QGIS

すごいぞ!Flatgeobuf

QGISで使用するデータファイルとしてシェープファイルが一般的ですが、最近は国土交通省の国土数値情報や、法務省の登記所備付地図などシェープファイルの他に、Geojson形式のファイルも提供されています。

シェープファイルは、Esri 社が策定したデータ相互交換に最適なシンプルなデータフォーマットで、仕様が公開されているため、現在でもArcGIS製品やQGISその他多くの GIS ソフトウェアの間で幅広く利用されています。

Geojsonファイルも仕様が公開されていますが、シェープファイルとの違いは、特定の企業ではなく、世界各地の開発者が共同で開発されたもので、データファイルの内容をテキストエディタなどで確認できるという点などが認められ、誰もが自由に利用できるオープンデータ公開形式として利用されています。

QGISのレイヤの1つをシェープファイルに、もう一つをGeojsonファイルにエクスポートして比べてみると、シェープファイルは、shp、shx、dbf、prj、qpjという5つのファイルで構成されるのに対して、Geojsonファイルは1つのgeojsonファイルであることがわかります。GISファイルの扱いに慣れていない方にとっては、Geojsonファイルの方が扱いやすいかもしれません。

一方で、ファイルの大きさを見ていただくと、テキストで記述されているGeojsonファイルはシェープファイル群の数倍の大きさになるので、広い範囲の大きなデータを扱うにはGeojsonファイルは不向きです。
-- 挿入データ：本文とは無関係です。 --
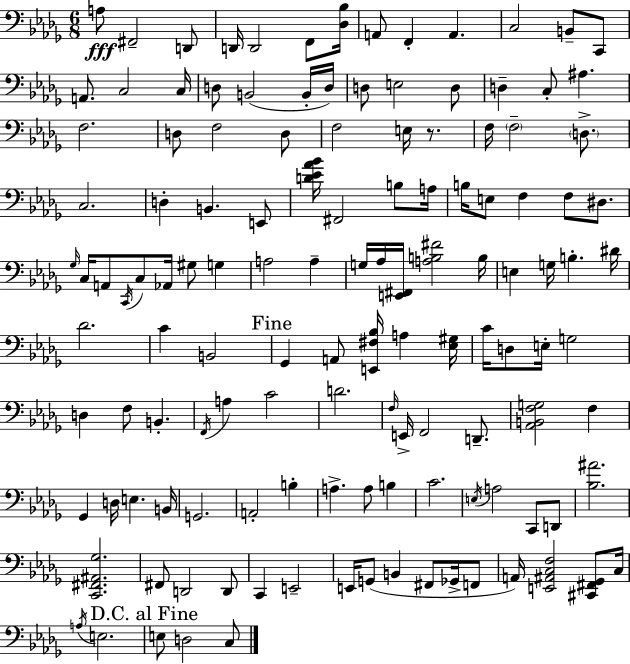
X:1
T:Untitled
M:6/8
L:1/4
K:Bbm
A,/2 ^F,,2 D,,/2 D,,/4 D,,2 F,,/2 [_D,_B,]/4 A,,/2 F,, A,, C,2 B,,/2 C,,/2 A,,/2 C,2 C,/4 D,/2 B,,2 B,,/4 D,/4 D,/2 E,2 D,/2 D, C,/2 ^A, F,2 D,/2 F,2 D,/2 F,2 E,/4 z/2 F,/4 F,2 D,/2 C,2 D, B,, E,,/2 [D_E_A_B]/4 ^F,,2 B,/2 A,/4 B,/4 E,/2 F, F,/2 ^D,/2 _G,/4 C,/4 A,,/2 C,,/4 C,/2 _A,,/4 ^G,/2 G, A,2 A, G,/4 _A,/4 [E,,^F,,]/4 [A,B,^F]2 B,/4 E, G,/4 B, ^D/4 _D2 C B,,2 _G,, A,,/2 [E,,^F,_B,]/4 A, [_E,^G,]/4 C/4 D,/2 E,/4 G,2 D, F,/2 B,, F,,/4 A, C2 D2 F,/4 E,,/4 F,,2 D,,/2 [_A,,B,,F,G,]2 F, _G,, D,/4 E, B,,/4 G,,2 A,,2 B, A, A,/2 B, C2 E,/4 A,2 C,,/2 D,,/2 [_B,^A]2 [C,,^F,,^A,,_G,]2 ^F,,/2 D,,2 D,,/2 C,, E,,2 E,,/4 G,,/2 B,, ^F,,/2 _G,,/4 F,,/2 A,,/4 [E,,^A,,C,F,]2 [^C,,^F,,_G,,]/2 C,/4 A,/4 E,2 E,/2 D,2 C,/2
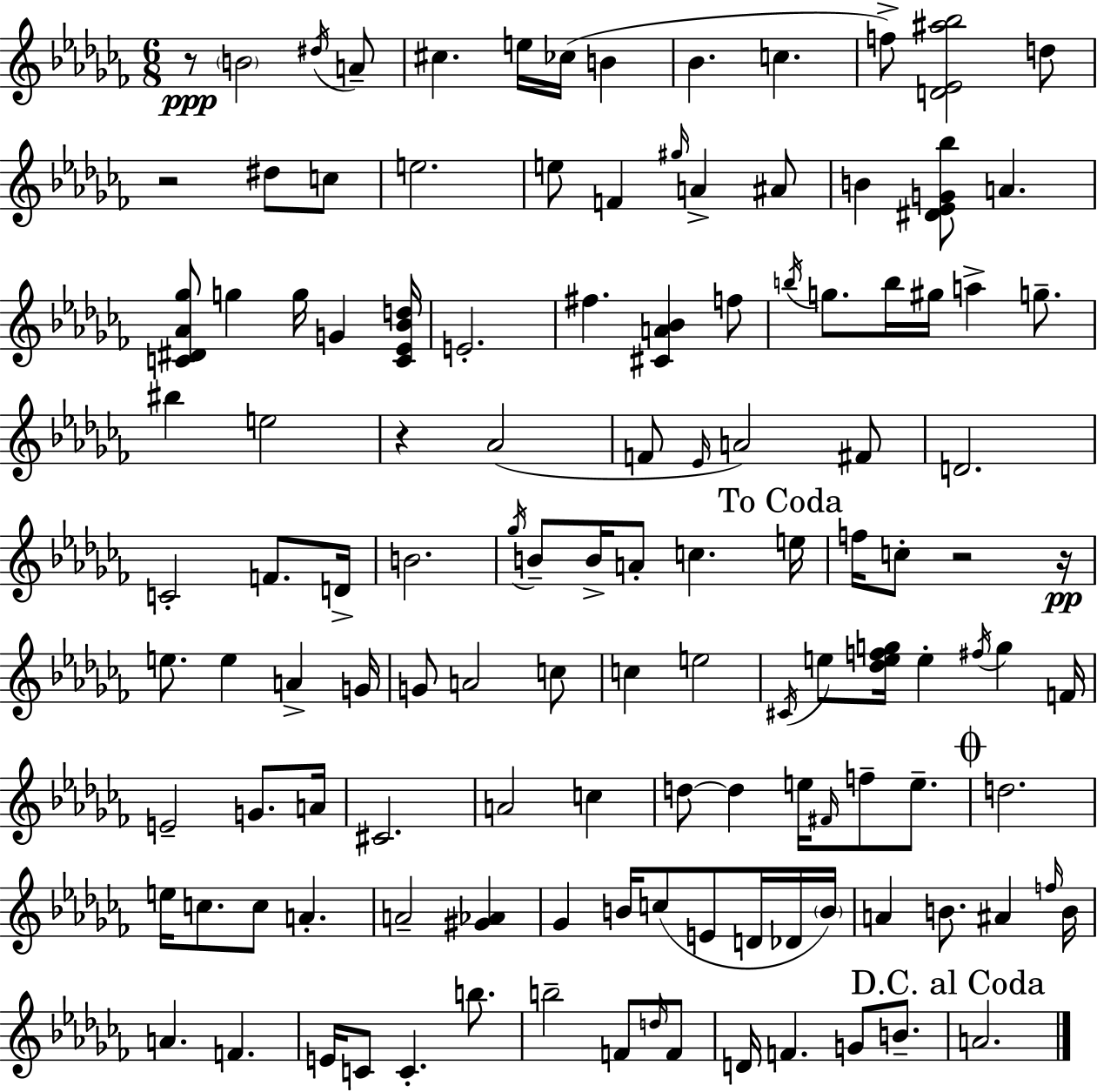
R/e B4/h D#5/s A4/e C#5/q. E5/s CES5/s B4/q Bb4/q. C5/q. F5/e [D4,Eb4,A#5,Bb5]/h D5/e R/h D#5/e C5/e E5/h. E5/e F4/q G#5/s A4/q A#4/e B4/q [D#4,Eb4,G4,Bb5]/e A4/q. [C4,D#4,Ab4,Gb5]/e G5/q G5/s G4/q [C4,Eb4,Bb4,D5]/s E4/h. F#5/q. [C#4,A4,Bb4]/q F5/e B5/s G5/e. B5/s G#5/s A5/q G5/e. BIS5/q E5/h R/q Ab4/h F4/e Eb4/s A4/h F#4/e D4/h. C4/h F4/e. D4/s B4/h. Gb5/s B4/e B4/s A4/e C5/q. E5/s F5/s C5/e R/h R/s E5/e. E5/q A4/q G4/s G4/e A4/h C5/e C5/q E5/h C#4/s E5/e [Db5,E5,F5,G5]/s E5/q F#5/s G5/q F4/s E4/h G4/e. A4/s C#4/h. A4/h C5/q D5/e D5/q E5/s F#4/s F5/e E5/e. D5/h. E5/s C5/e. C5/e A4/q. A4/h [G#4,Ab4]/q Gb4/q B4/s C5/e E4/e D4/s Db4/s B4/s A4/q B4/e. A#4/q F5/s B4/s A4/q. F4/q. E4/s C4/e C4/q. B5/e. B5/h F4/e D5/s F4/e D4/s F4/q. G4/e B4/e. A4/h.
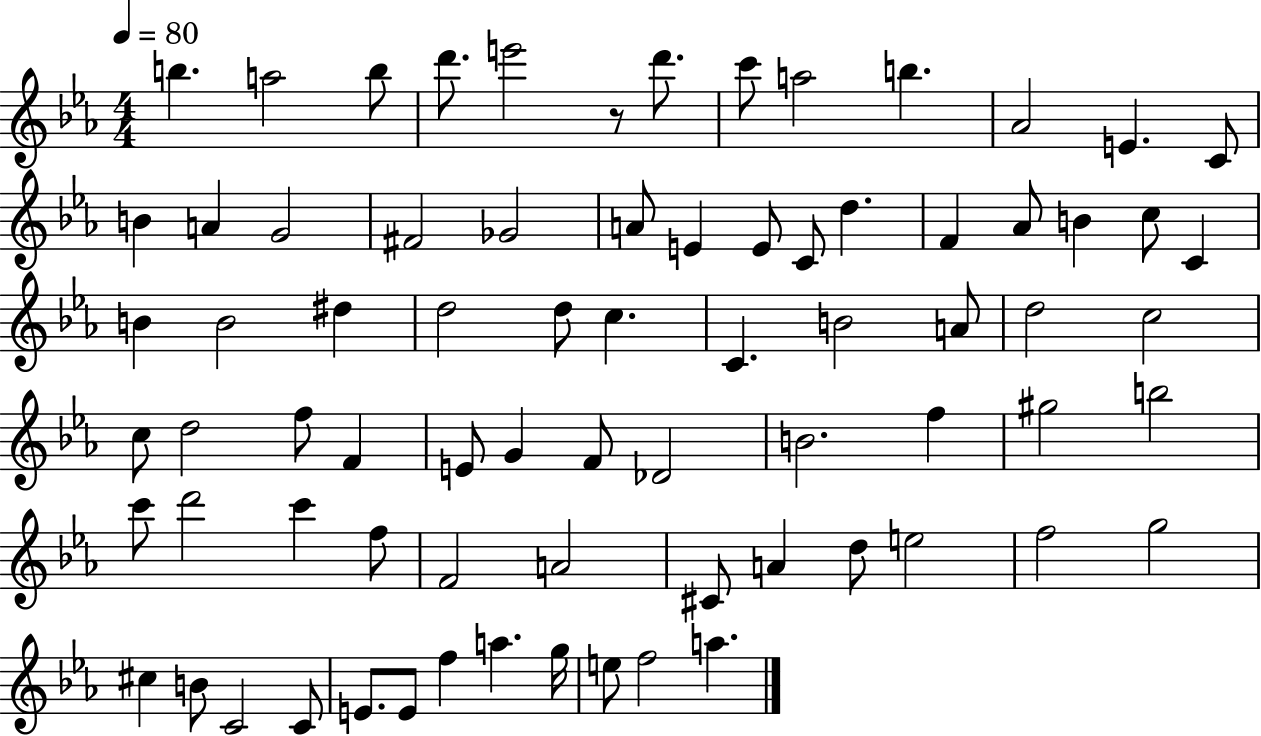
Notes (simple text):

B5/q. A5/h B5/e D6/e. E6/h R/e D6/e. C6/e A5/h B5/q. Ab4/h E4/q. C4/e B4/q A4/q G4/h F#4/h Gb4/h A4/e E4/q E4/e C4/e D5/q. F4/q Ab4/e B4/q C5/e C4/q B4/q B4/h D#5/q D5/h D5/e C5/q. C4/q. B4/h A4/e D5/h C5/h C5/e D5/h F5/e F4/q E4/e G4/q F4/e Db4/h B4/h. F5/q G#5/h B5/h C6/e D6/h C6/q F5/e F4/h A4/h C#4/e A4/q D5/e E5/h F5/h G5/h C#5/q B4/e C4/h C4/e E4/e. E4/e F5/q A5/q. G5/s E5/e F5/h A5/q.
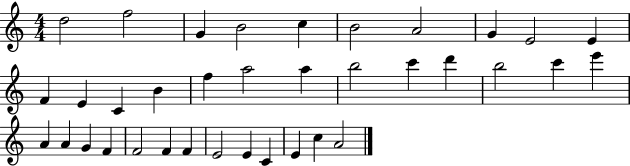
D5/h F5/h G4/q B4/h C5/q B4/h A4/h G4/q E4/h E4/q F4/q E4/q C4/q B4/q F5/q A5/h A5/q B5/h C6/q D6/q B5/h C6/q E6/q A4/q A4/q G4/q F4/q F4/h F4/q F4/q E4/h E4/q C4/q E4/q C5/q A4/h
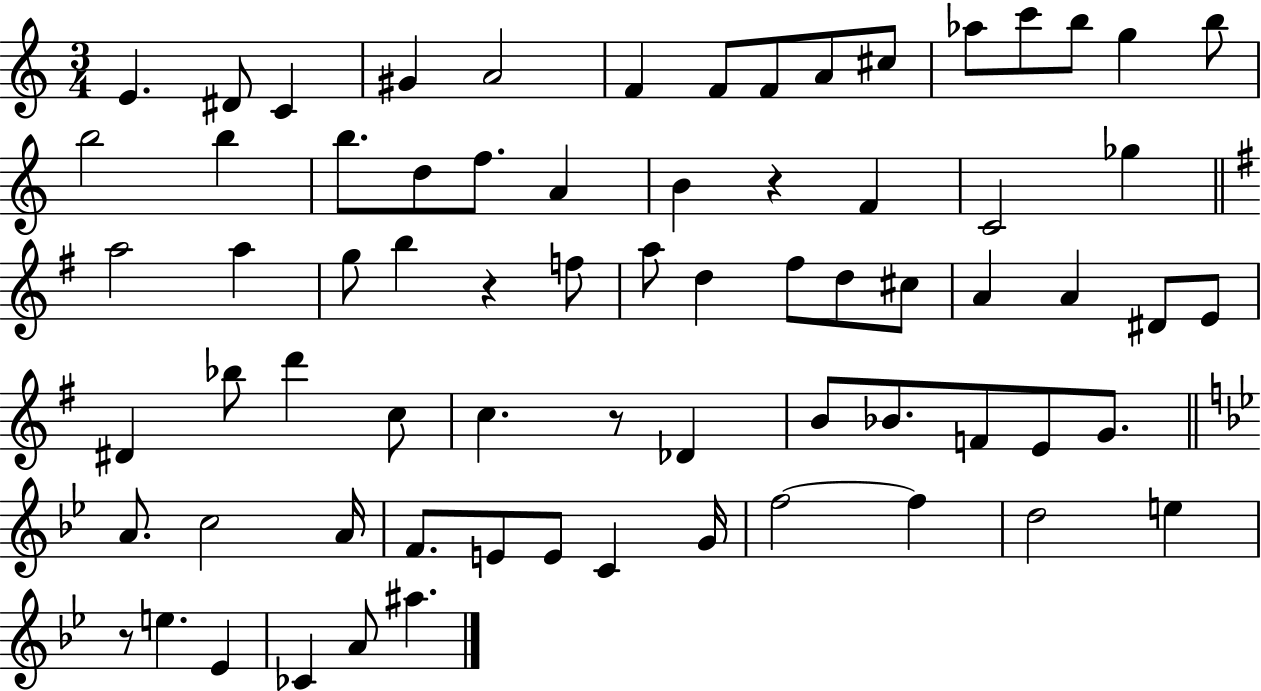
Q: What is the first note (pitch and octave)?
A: E4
またQGISでの表示速度もシェープファイルより遅くなるので、データファイルをガンガン使う方には、サイズと処理速度の面でシェープファイルの方が使い良いかもしれません。

さあ!ここに登場したのが、Flatgeobuf形式です。

Flatgeobufファイルは、テキスト表示のgeojsonを、コンピュータで処理しやすいように数値表示に変えた(バイナリ)形式で、ファイルサイズの縮小と、処理速度の向上が図られています。処理速度に関してはシェープファイルよりも速いと実感できると思います。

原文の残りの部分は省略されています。